Mary Crossan, MBA ’85, PhD ’91, a professor of General Management and Strategy and a Distinguished University Professor, has received the Distinguished Educator Award from the Academy of Management for outstanding contributions to management education throughout her career.
The Academy of Management (AOM) is the oldest and largest professional association for scholars of management and organizations and the Distinguished Educator Award honours individuals who have excelled in teaching, developing doctoral students, and/or fostering new teaching innovations or methods.
Crossan’s award was announced at the recent AOM annual meeting in Boston, Mass. In a video address, Paul Spee, Chair of the AOM’s Career Achievement Awards Committee, cited Crossan’s achievements in developing new teaching methods, materials, and research in the areas of leadership and strategy, which he said have had wide reach and impact. Some examples of this include creating the Leader Character Practitioner Certification Program and the Leader Character Insight Assessment as well as a case series tracking strategy as a pattern of action. Crossan has also developed 11 doctoral students, published research on organizational learning and improvisation, and written more than 50 cases, including the best-selling Starbucks case, which has topped the case charts for decades.
Influencing practice through research
In the video address (see below), Crossan told how she almost pursued a career in consulting instead of academia because she questioned whether she could have the impact and influence on practice through her research that she longed for.

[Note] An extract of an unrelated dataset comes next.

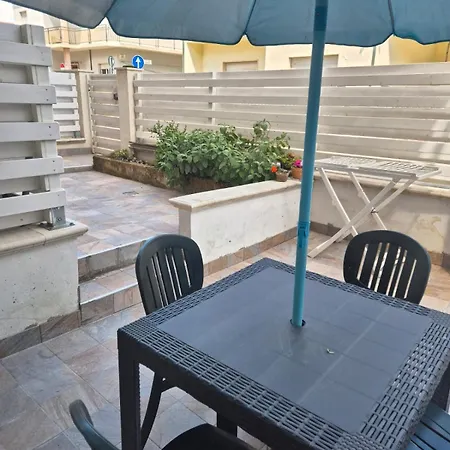 Casa Bea With Private Parking Space Martinsicuro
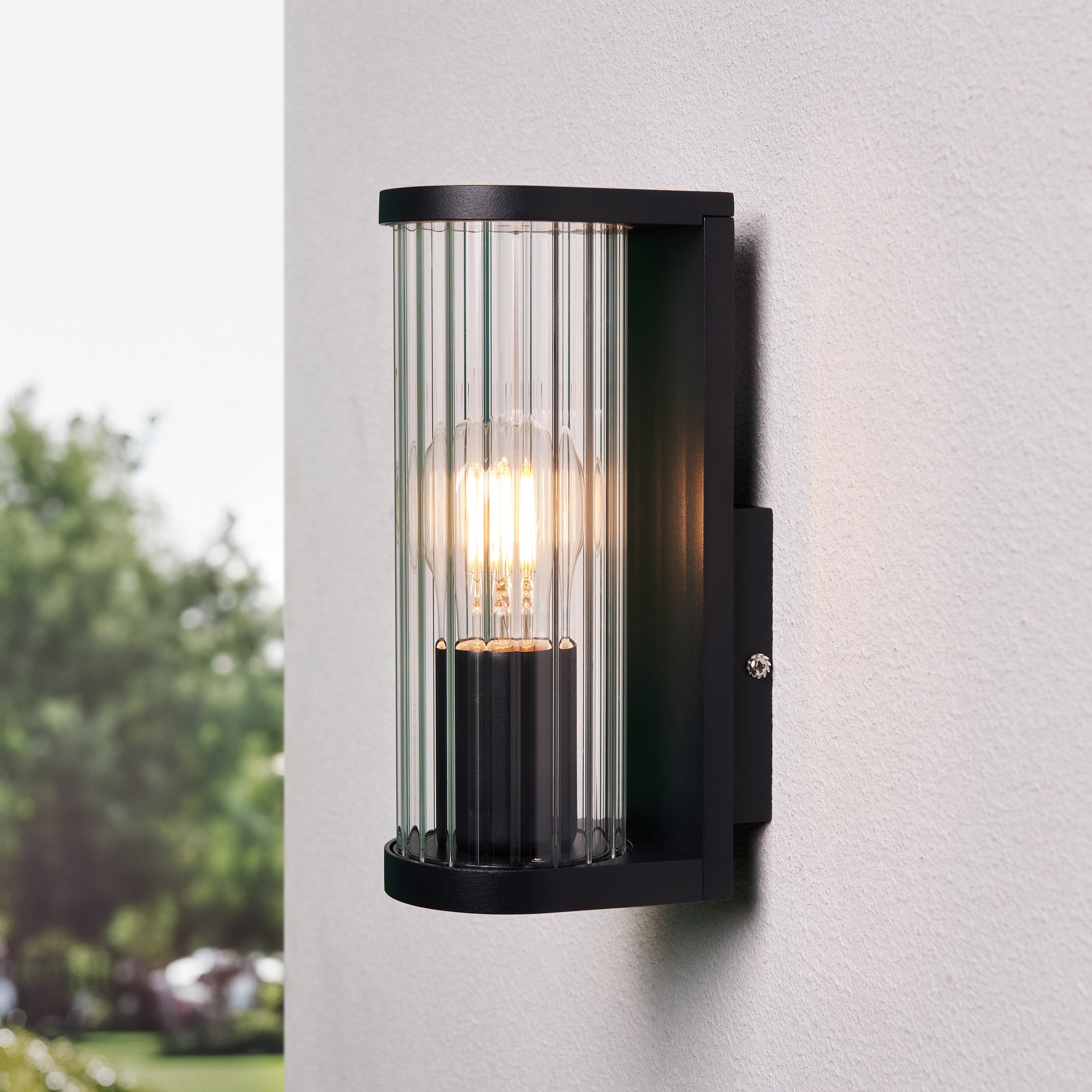 Forum ZN-44411-BLK Akuma E27 Glass Ridged Wall Light IP44 Black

But she said she’s glad she went the academia route after all because it has been immensely gratifying, and she’s now inspired by the difference educators can make.

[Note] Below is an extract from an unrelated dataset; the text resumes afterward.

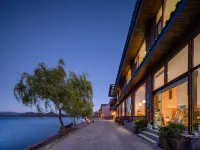 瀘沽湖水天壹舍loft湖景度假民宿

“I made the choice to try and chart a path that’s often not encouraged or immediately awarded in our profession and I discovered [social psychologist] Kurt Lewin was right: there’s nothing more practical than a good theory,” she said. “Whether it was organizational learning, improvisation, or now the call to elevate character alongside competence in higher education and organizations, the virtuous cycle of seeking to make a difference in practice through innovative teaching and research is something I believe we can and need to do.”